(Caption-style text data)
=== Section Start ===
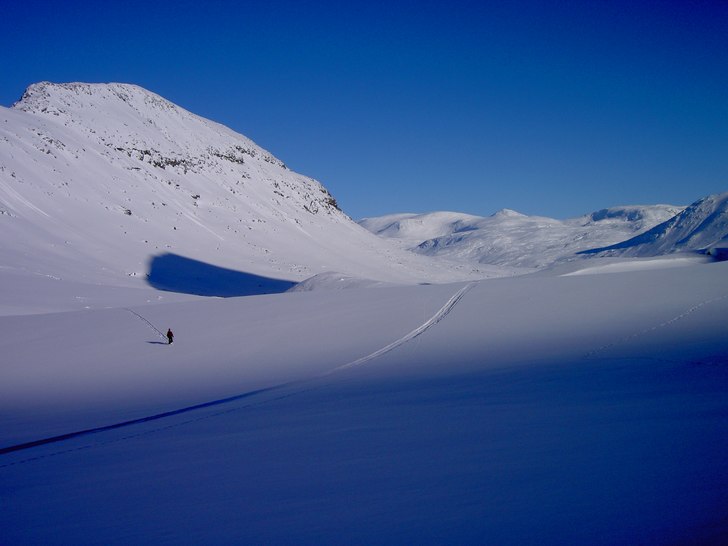 Foto: Fredrik Johansson. Åkare: Sam.
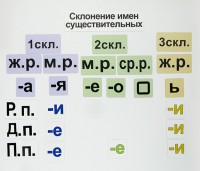 Набор магнитных карточек "Склонение имен существительных" - fgospostavki.ru - Томск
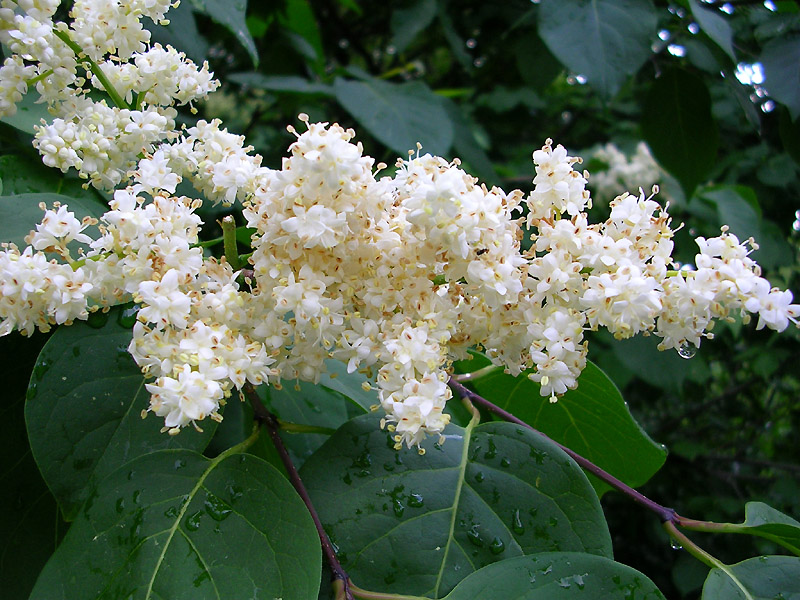 Изображение особи Syringa amurensis.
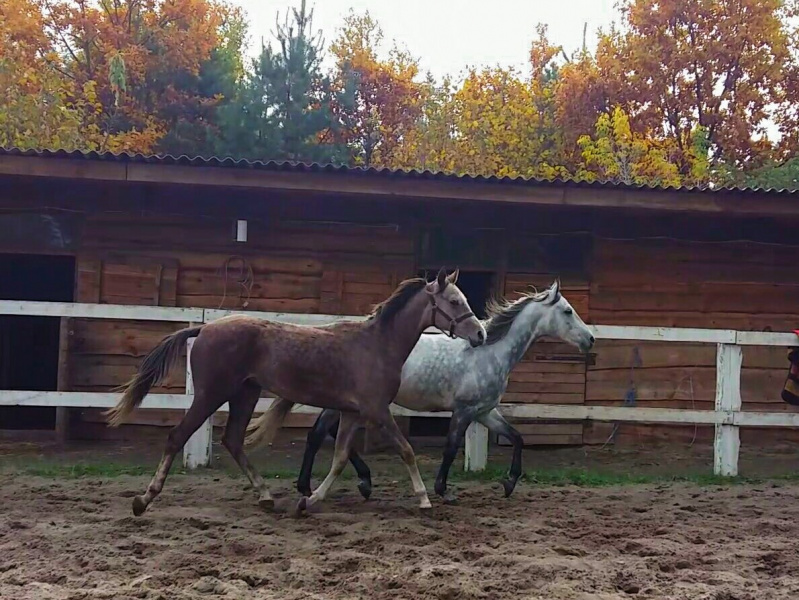 &quot;Інакше на м'ясокомбінат&quot;: в мережі просять терміново допомогти коням
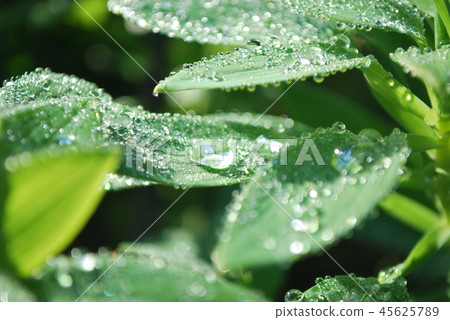 早晨露水下落 早晨露水下落 45625789
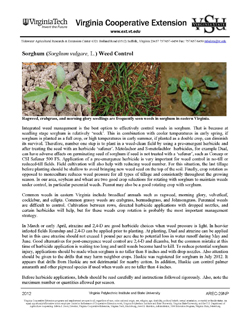 Cover, Sorghum (Sorghum vulgare, L.) Weed Control JPG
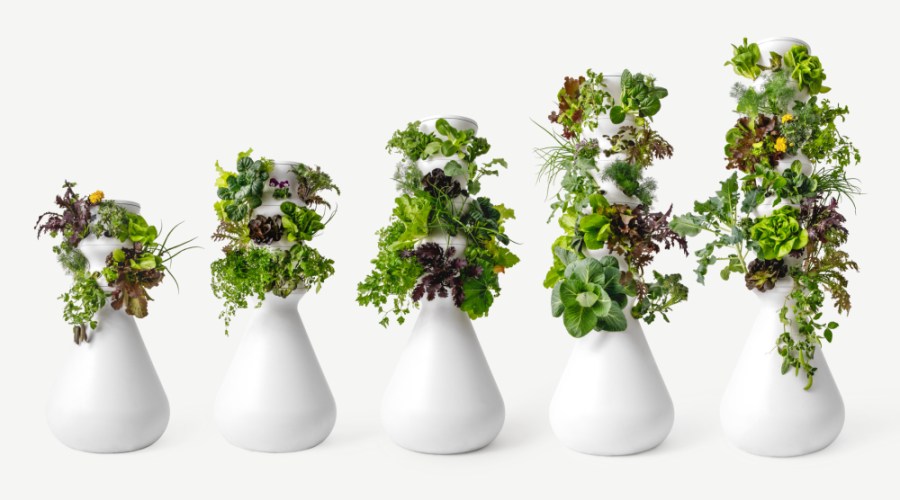 Hydroponic Garden Hacks: How to Grow Your Vegetables Like Zooey Deschanel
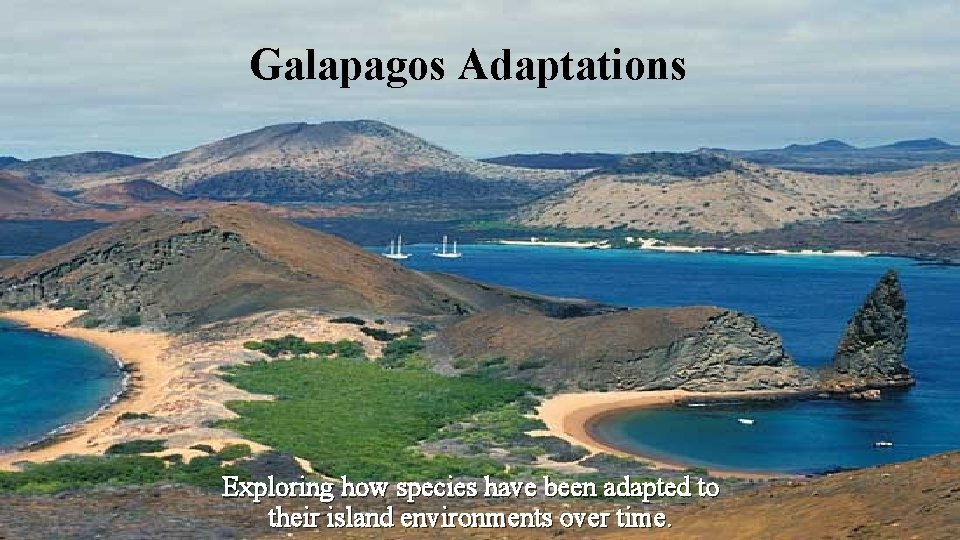 Galapagos Adaptations Exploring how species have been adapted to their island environments over time. Galapagos Adaptations Exploring how species have been adapted to their island environments over time.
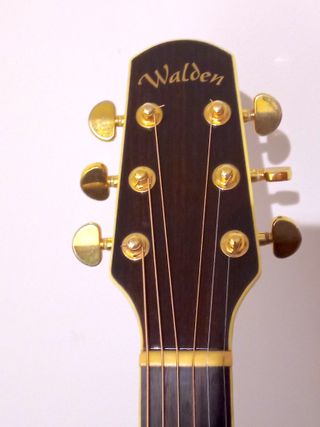 Guitarra Acústica Walden D-510Q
=== Section End ===
> EXERCISE DESCRIPTION
Once more, please print all the lines above exactly, without their pictures.

> RESPONSE
 Foto: Fredrik Johansson. Åkare: Sam.
 Набор магнитных карточек "Склонение имен существительных" - fgospostavki.ru - Томск
 Изображение особи Syringa amurensis.
 &quot;Інакше на м'ясокомбінат&quot;: в мережі просять терміново допомогти коням
 早晨露水下落 早晨露水下落 45625789
 Cover, Sorghum (Sorghum vulgare, L.) Weed Control JPG
 Hydroponic Garden Hacks: How to Grow Your Vegetables Like Zooey Deschanel
 Galapagos Adaptations Exploring how species have been adapted to their island environments over time. Galapagos Adaptations Exploring how species have been adapted to their island environments over time.
 Guitarra Acústica Walden D-510Q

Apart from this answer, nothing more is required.